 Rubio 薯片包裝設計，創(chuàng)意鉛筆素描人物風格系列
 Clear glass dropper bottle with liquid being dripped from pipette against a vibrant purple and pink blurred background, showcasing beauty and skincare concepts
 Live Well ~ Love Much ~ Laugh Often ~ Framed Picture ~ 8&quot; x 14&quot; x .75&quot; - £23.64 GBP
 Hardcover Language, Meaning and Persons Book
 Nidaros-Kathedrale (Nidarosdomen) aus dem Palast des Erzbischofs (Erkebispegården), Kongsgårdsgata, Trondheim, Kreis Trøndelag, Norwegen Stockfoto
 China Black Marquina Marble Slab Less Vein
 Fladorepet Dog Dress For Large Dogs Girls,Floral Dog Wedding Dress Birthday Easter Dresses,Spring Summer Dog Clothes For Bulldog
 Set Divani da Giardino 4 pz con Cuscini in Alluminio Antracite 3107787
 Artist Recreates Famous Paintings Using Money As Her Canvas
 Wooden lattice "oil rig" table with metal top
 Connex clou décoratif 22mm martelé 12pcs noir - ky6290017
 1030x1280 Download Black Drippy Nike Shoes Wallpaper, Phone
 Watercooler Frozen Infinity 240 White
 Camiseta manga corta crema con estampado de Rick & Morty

------------

## Prompt
Find and copy each line above that includes the string "with".

## Your solution
 Clear glass dropper bottle with liquid being dripped from pipette against a vibrant purple and pink blurred background, showcasing beauty and skincare concepts
 Wooden lattice "oil rig" table with metal top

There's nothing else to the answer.